2012 film by David Riker

The Girl is an independent film written and directed by David Riker, and starring Abbie Cornish and Will Patton. It debuted at the 2012 Tribeca Film Festival. It opened in select theaters for a one-week awards-qualifying period on December 14, 2012, and had a limited theatrical release in March 2013.

==Synopsis==
Cornish plays a single mother who helps illegal immigrants to cross the border from Mexico into Texas.
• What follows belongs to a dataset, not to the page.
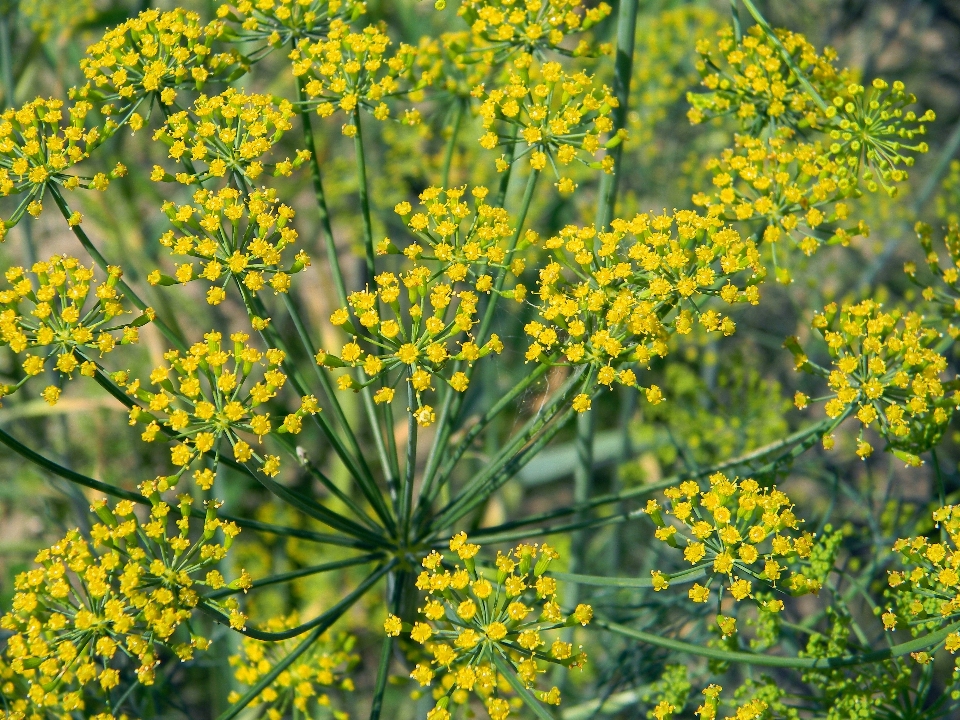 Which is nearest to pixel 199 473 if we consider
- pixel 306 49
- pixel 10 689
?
pixel 10 689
A young Mexican girl named Rosa comes into her care.

==Cast==
- Abbie Cornish as Ashley
- Will Patton as Tommy
- Maritza Santiago Hernandez as Rosa
- Giovanna Zacarías as Enriqueta
- Ángeles Cruz as Rosa's Mother
- Raúl Castillo as Border Agent
- Luis Fernando Peña as Beto
- Isabel Cruz Daza as Edith
- Ivonne Cruz Daza as Cecilia
- Liliana Alberto as Ofelia
- Isabel Sánchez Lara as Rosa's Grandmother

==Reception==
The Girl has received generally mixed reviews. Review aggregator Rotten Tomatoes reports that 53% of 17 critics gave the film a positive review, with an average rating of 5.2/10. Metacritic, which assigns a weighted average score from 1–100 to reviews from mainstream critics, gave the film a score of 53 based on 11 reviews indicating "mixed or average reviews".